Each event and exhibition is always in line with the spirit of AVAM. Hoffberger has always stayed true to her vision, never following trends that come and go in the art world. With shows like the current The Secret Life of Earth: Alive! Awake! (and Possibly Really Angry!)—a large-scale art and science exhibition on climate change, up through September 6—it might seem like the process of conceptualizing such shows would come through intense examination of the world and what is happening in it. But she says the inspiration from her shows actually comes from another place.
“I pray,” she says. “It might sound old-fashioned, but I always pray for what to do. I do an inner begging to ask what will be the most worthwhile show. I have a great imagination, but these come from the Super Intelligence.” What’s fascinating about her process is the synchronistic way exhibits have coincided with world events. For instance, as Hoffberger was installing the show The Art of War and Peace, 9/11 happened. She opened Holy H20: Fluid Universe in the fall of 2004—just two months before the Boxing Day Tsunami, the deadliest tsunami in history, hit Indonesia.
“There really is a dance with something,” she says.
Ken Skrzesz, executive director of the Maryland State Arts Council, says visitors can sense that dance. AVAM is one of his “go-to places” to take out-of-town guests. “There is an inherent accessibility about AVAM,” he explains. “Various guests have commented how thought-provoking their visits have been.”

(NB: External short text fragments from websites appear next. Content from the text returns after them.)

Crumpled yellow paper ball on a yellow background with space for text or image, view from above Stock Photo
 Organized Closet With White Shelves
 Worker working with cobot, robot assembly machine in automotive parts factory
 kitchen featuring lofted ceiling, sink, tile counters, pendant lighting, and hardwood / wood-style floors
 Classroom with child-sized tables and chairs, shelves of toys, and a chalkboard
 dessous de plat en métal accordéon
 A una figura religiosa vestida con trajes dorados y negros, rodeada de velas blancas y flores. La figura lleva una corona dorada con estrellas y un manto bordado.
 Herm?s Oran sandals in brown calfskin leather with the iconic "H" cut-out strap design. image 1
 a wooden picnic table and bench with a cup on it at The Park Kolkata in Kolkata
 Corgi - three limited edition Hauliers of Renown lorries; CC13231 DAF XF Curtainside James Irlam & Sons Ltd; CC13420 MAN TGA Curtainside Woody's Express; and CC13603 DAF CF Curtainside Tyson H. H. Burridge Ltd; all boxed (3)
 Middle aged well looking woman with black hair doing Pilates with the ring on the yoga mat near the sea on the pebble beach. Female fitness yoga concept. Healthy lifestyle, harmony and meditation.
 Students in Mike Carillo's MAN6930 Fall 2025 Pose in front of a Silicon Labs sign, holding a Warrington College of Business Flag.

“I pray. It might sound old-fashioned, but I always pray for what to do. I do an inner begging to ask what will be the most worthwhile show.”
The museum has garnered praise from The Economist, CNN, and The New York Times, among others. The Washington Post called it “offbeat genius.” Travel + Leisure named it as one of its “10 Places to See Before You’re 10.” It was No. 1.
“You try to have something delicious for tiny kids who can’t read and for Nobel Laureates and everybody in between,” Hoffberger says. “I’ve been inspired by every artist, every member, everyone who brought people they love there, the people who say they’ve been going to the museum since third grade and now they’re getting married there. . . . It’s been such a privilege to take everything that ever touched my heart and put it in one place, like a banquet of fascination and beauty.”